Hi @brockfanning I've been trying to test these but have been coming across some problems. The first being that when adding a trailing white space before pointing to your feature branch, there was no error that seemed to come up. But now pointing to your feature branch in the requirements.txt file, this error comes up, and this is without there being any trailing white spaces added either.

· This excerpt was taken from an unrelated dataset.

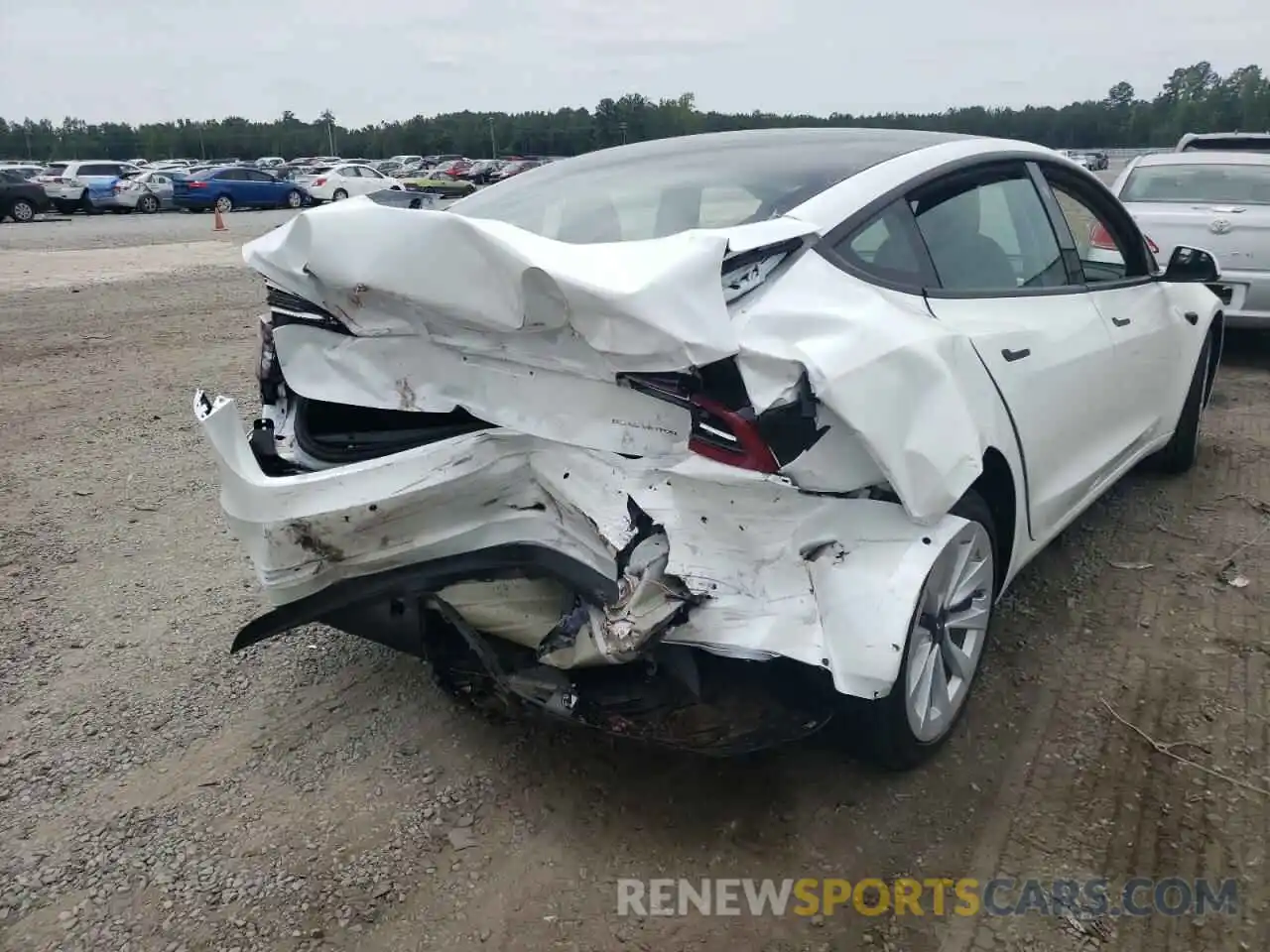 4 Photograph of a damaged car 5YJ3E1EB7NF258653 TESLA MODEL 3 2022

brockfanning commented 1 year ago

@sarah-beasley This PR is different from most because I accidentally pushed it to the origin instead of my fork. So instead of the usual "brockfanng/sdg-build-1" it will actually be "open-sdg/sdg-build". Eg: git+https://github.com/open-sdg/sdg-build@brockfanning-patch-2

About the other issue though - I think the problem might be that your deploy-feature-branch workflow doesn't run python scripts/check_data.py. (It only runs python scripts/build_data.py.) There are a couple of ways to work around this issue:

  1. We could update your deploy-feature-branch workflow so that it does run python scripts/check_data.py. The only downside there is that it means that deploying feature branches will take a few minutes longer, because I believe the check_data.py script takes a few minutes to run.
  2. You could create a pull-request using your feature branch, which would trigger the test-pull-requests workflow, which does run check_data.py.
sarah-beasley commented 1 year ago

Thanks @brockfanning that was really helpful. I raised a pull request and the error message now shows as this which is great and much more informative for people to fix: image

Just one other thing, I tested the FB created before raising the pull request to see if there were any changes and where I added a space after percentage for the first two fields of 10-4-1, it has made them into another series. I guess you wouldn't be able to merge without fixing due to the tests failing but would you expect this to happen? I guess because it thinks there are two types of unit now - one with a space and one without? Note it did this regardless of which branch i was pointing at: image

brockfanning commented 1 year ago

@sarah-beasley I guess that behavior that you're seeing (the double unit) is one of the reasons that the test is important. That does seem expected though, because -- to a computer -- the added space does indeed make it a different unit. There is code we could write to automatically remove extra spaces, but I would argue that the test we already have is a better way to catch it, because it alerts the user that they did something wrong, and encourages attention to detail.